What you will do
Images aside, return all the entries exactly.

Source information

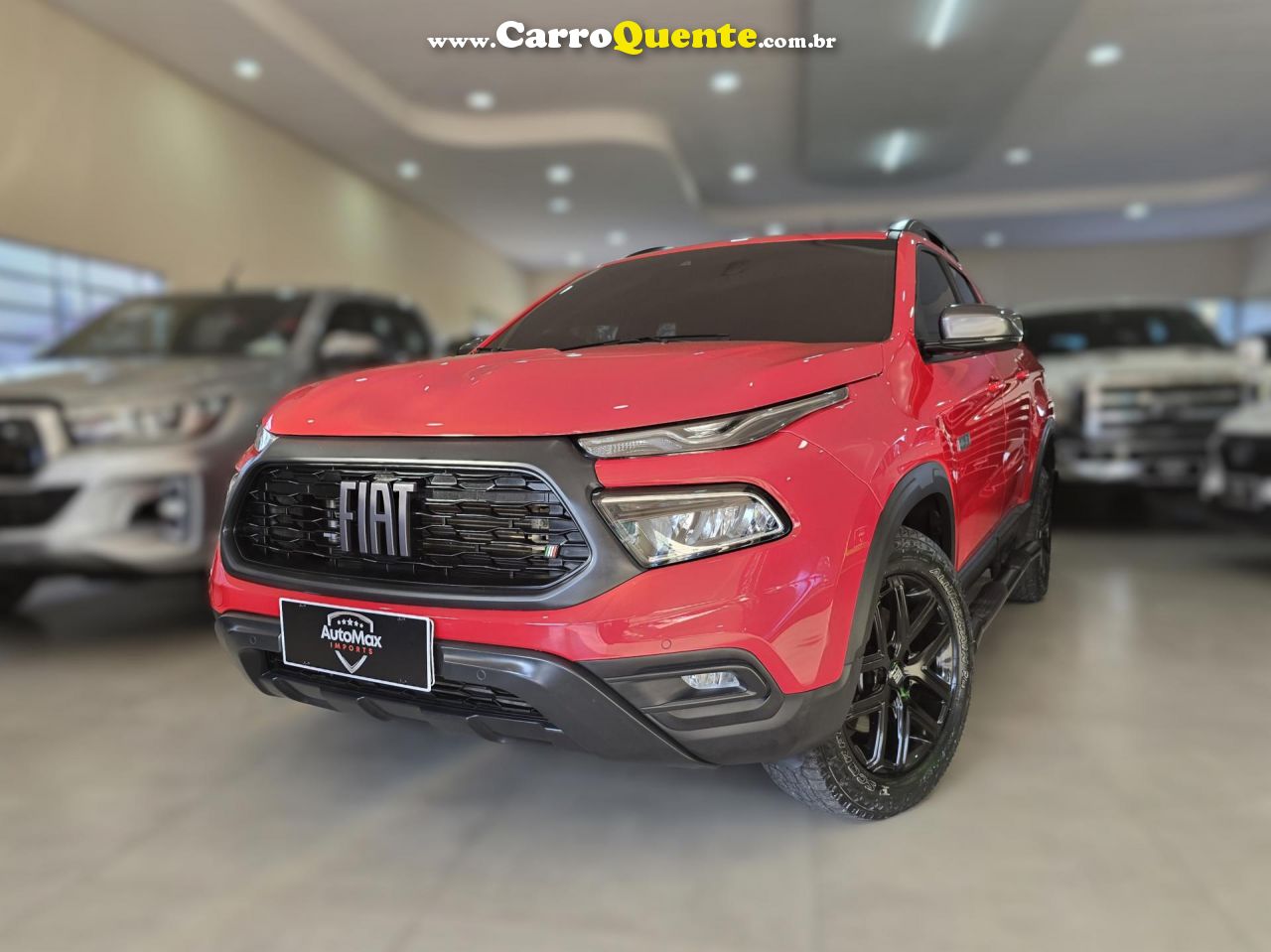 FIAT   TORO ULTRA 2.0 16V 4X4 TB DIESEL AUT.   VERMELHO 2022 2.0 DIESEL - Loja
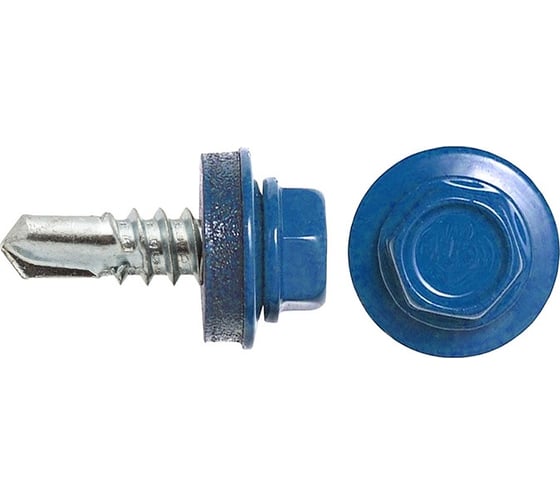 Изображение товара Кровельный саморез SWFS RAL-5005, ZP, 4.8х51 мм, 200 шт., контейнер тов-091254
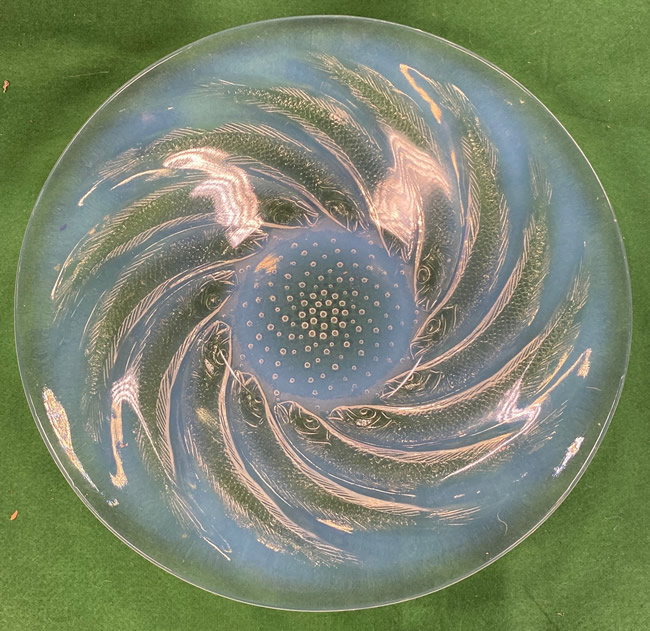 Rene Lalique Poissons Coupe 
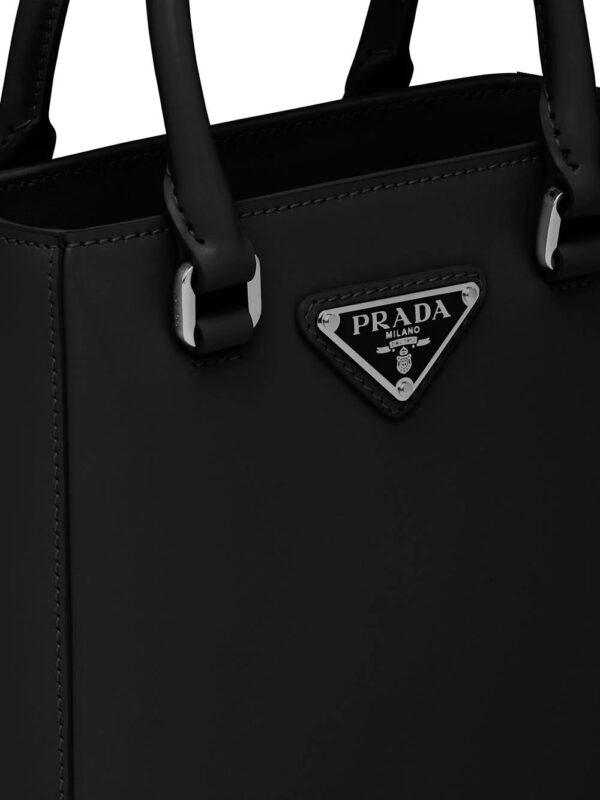 Prada  triangle-logo tote bag - Image 3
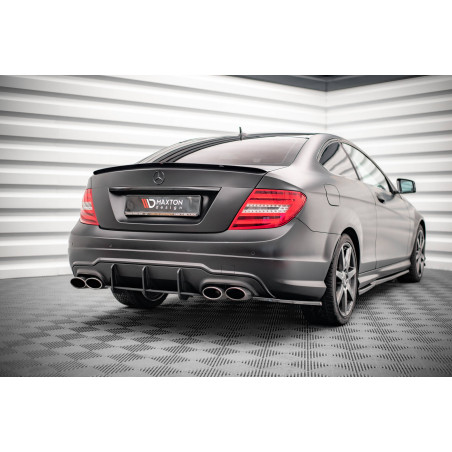 DIFFUSORE POSTERIORE street pro Mercedes-Benz C Coupe AMG-Line C204 (Cod. M-MEC204FAMGLINECCNC-RS1B)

Reply to the exercise
 FIAT   TORO ULTRA 2.0 16V 4X4 TB DIESEL AUT.   VERMELHO 2022 2.0 DIESEL - Loja
 Изображение товара Кровельный саморез SWFS RAL-5005, ZP, 4.8х51 мм, 200 шт., контейнер тов-091254
 Rene Lalique Poissons Coupe 
 Prada  triangle-logo tote bag - Image 3
 DIFFUSORE POSTERIORE street pro Mercedes-Benz C Coupe AMG-Line C204 (Cod. M-MEC204FAMGLINECCNC-RS1B)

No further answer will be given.